*** Opening of Exercise materials ***
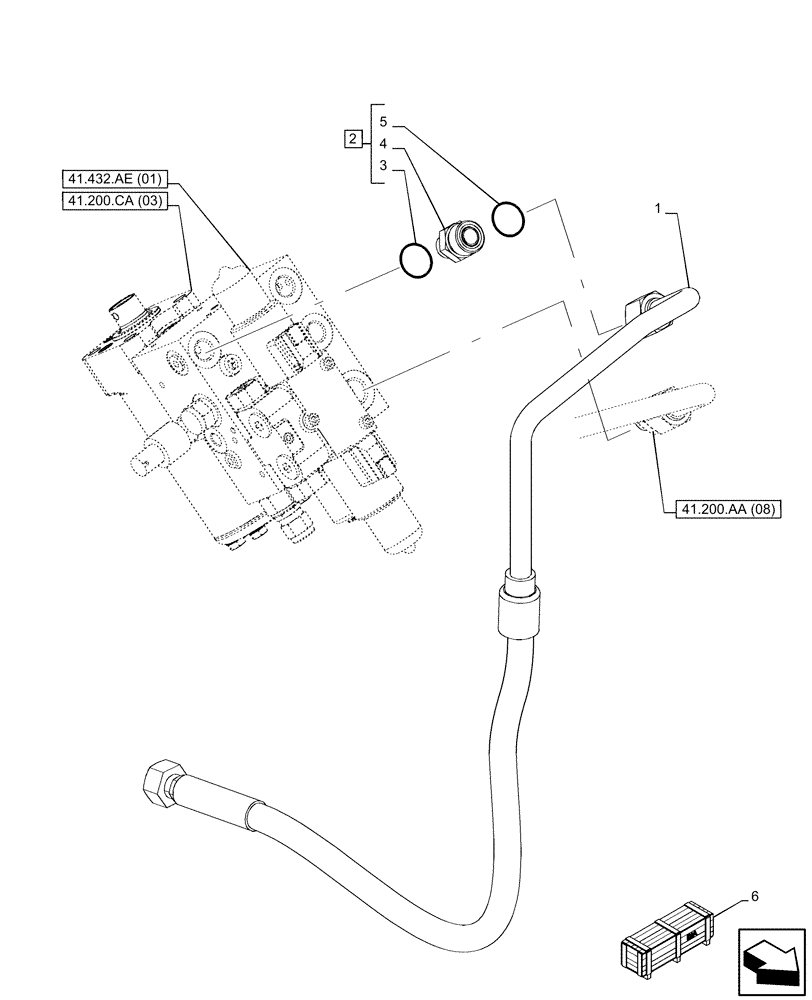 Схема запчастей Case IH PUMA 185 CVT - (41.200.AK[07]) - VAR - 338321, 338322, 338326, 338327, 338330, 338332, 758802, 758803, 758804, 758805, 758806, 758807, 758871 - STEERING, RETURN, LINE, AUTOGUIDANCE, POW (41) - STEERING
*** Close of Exercise materials ***
*** Opening of Exercise materials ***
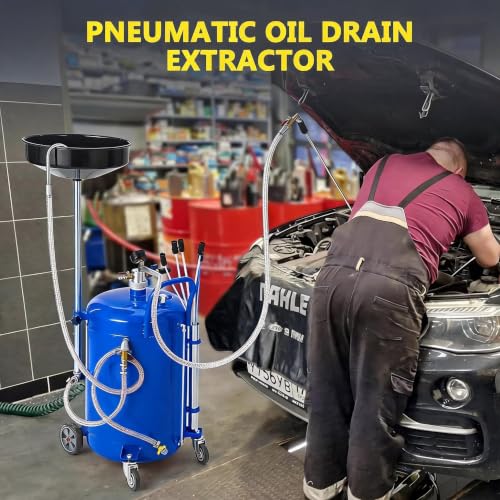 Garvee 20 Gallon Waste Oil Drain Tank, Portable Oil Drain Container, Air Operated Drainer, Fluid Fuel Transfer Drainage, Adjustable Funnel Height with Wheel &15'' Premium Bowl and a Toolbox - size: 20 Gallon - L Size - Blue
*** Close of Exercise materials ***
*** Opening of Exercise materials ***
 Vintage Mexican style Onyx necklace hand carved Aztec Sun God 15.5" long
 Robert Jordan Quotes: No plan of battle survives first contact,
*** Close of Exercise materials ***
§ **Exercise brief**
Give back, word for word, only the lines above from the line holding "Vintage Mexican style" to the line holding "Robert Jordan Quotes: No", both included.

§ **Your solution**
 Vintage Mexican style Onyx necklace hand carved Aztec Sun God 15.5" long
 Robert Jordan Quotes: No plan of battle survives first contact,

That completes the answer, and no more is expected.